It's being called Rang De Basanti effect. A well-made film hotwired for urban youth, Rang de Basanti is one of the biggest hits so far, if producers are to be believed of the decade. The film's thunder was initially by its stars and now by real people. Today, let's meet the director, artist and filmmaker, Rakeysh Mehra.
Anuradha SenGupta: Rakeysh Mehra, the doctors have gone back to work but all of us have witnessed the anti-reservation protest over the last couple of weeks. Where do you think you are in that great debate? Does art imitate life or life imitate art?
Rakeysh Mehra: Definitely, art imitates life and there is no question about it. Whatever you do for art, in my case it is cinema, you borrow from life. It's again very entrained to see that once art has imitated life, life stars imitating arts.
YOUTH'S VOICE:Rakeysh Mehra talks about the Rang De effect during quota protests.
Anuradha SenGupta: But what do you make of all those people who'd gone out there, who beat the media, beat even your co-producers? And Roni Screwala was quite happy with calling it the Rang De Basanti effect. Done that, haven't they?
Rakeysh Mehra: It's quite humbling to understand that people are calling it Rang De Basanti effect. I think it is too early to understand it and to analyse any thing. It's the media which is calling it that at the moment. And they have seen some similarity or they feel that the movie came at a time which served as a catalyst. It's thus given it a kind of a trigger mechanism.
Anuradha SenGupta: But you must be relieved that the end of your film didn't inspire people too much, isn't it?
Rakeysh Mehra: No, it did. I beg to defer that. The end of the film was that you take a stand and if you want to change anything, you have to change the person you stare in the mirror everyday in the morning.
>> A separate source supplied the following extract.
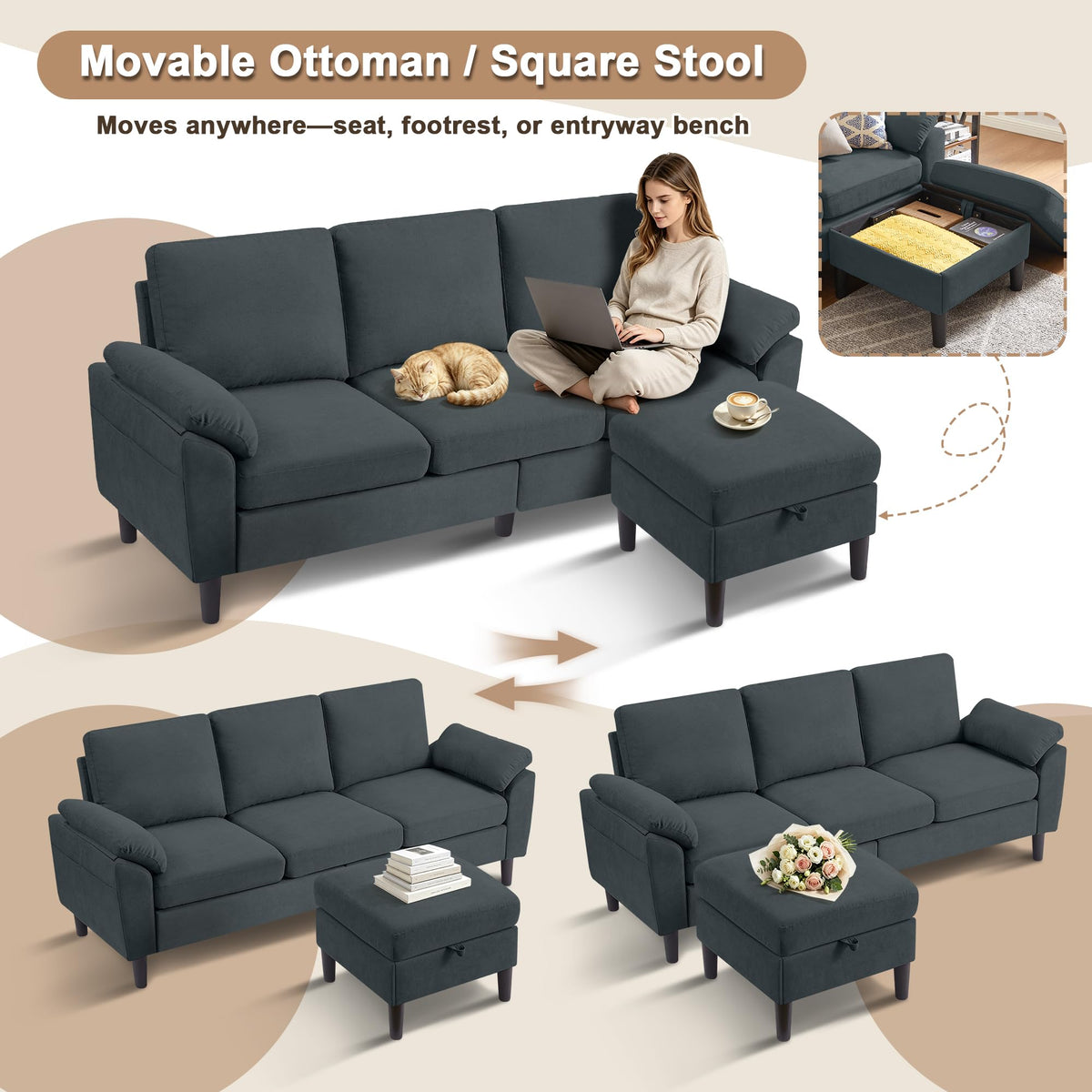 4-Piece Sectional Sofa Set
And that's the person you have to change. You change yourself. And gone are the times when you're kind of pointing to the establishment and sit on the fence and say, 'this is not happening, that is not happening'. So that's what the end of the film was about and I am very happy that people got it right. I was very scared that they might interpret the film wrongly.
Anuradha SenGupta: Lot of people have reacted to the film saying that they may have enjoyed parts of it but the conclusion that you may probably have to be violent to others and to yourself, is not the message they are comfortable with. How do you react to that reaction?
Rakeysh Mehra: Quite normally, I must say. It's not a politically correct film, if you are saying that. And my job is to tell stories; my job is not to be politically correct. And movies are anyway not about being politically correct.
Anuradha SenGupta: There are lots of people who consider the fact that the film might be propagating violent means to achieve a goal or to correct wrongs in the system. That is the philosophy and where do you stand on that, is what I want to know.
Rakeysh Mehra: I beg to differ because that is not the philosophy of the film. I have been touring the film all over the country, in fact, now all over the world. The film was shown in IIT, Chennai to seven and a half thousand students. They had invited us. And the response was quite huge. And believe me, Anuradha, not a single person till date has asked me where to get the license for my gun or where to buy my gun. All of them have turned around and said, 'You know what, you got a thinking somewhere deep down. It's a disturbing film in the way you told the story. And it moves us and now we want to do something'. And that's exactly what's happening when we talk about these protests on the streets and people going on emulating the film with candle marches. Everywhere, it is a very peaceful protest.
Anuradha SenGupta: Swades and Rang De Basanti, if you look at the plots and the stories, if you just look at one sentence about the film, it is about awakening your consciousness and dealing with what is around you?
Rakeysh Mehra: Absolutely, so was Gandhi and so was Naya Daur.
Anuradha SenGupta: Right now, when you compare Swades and Rang De Basanti, one captured popular imagination, the other didn't. Yours did because the end was extreme or radical?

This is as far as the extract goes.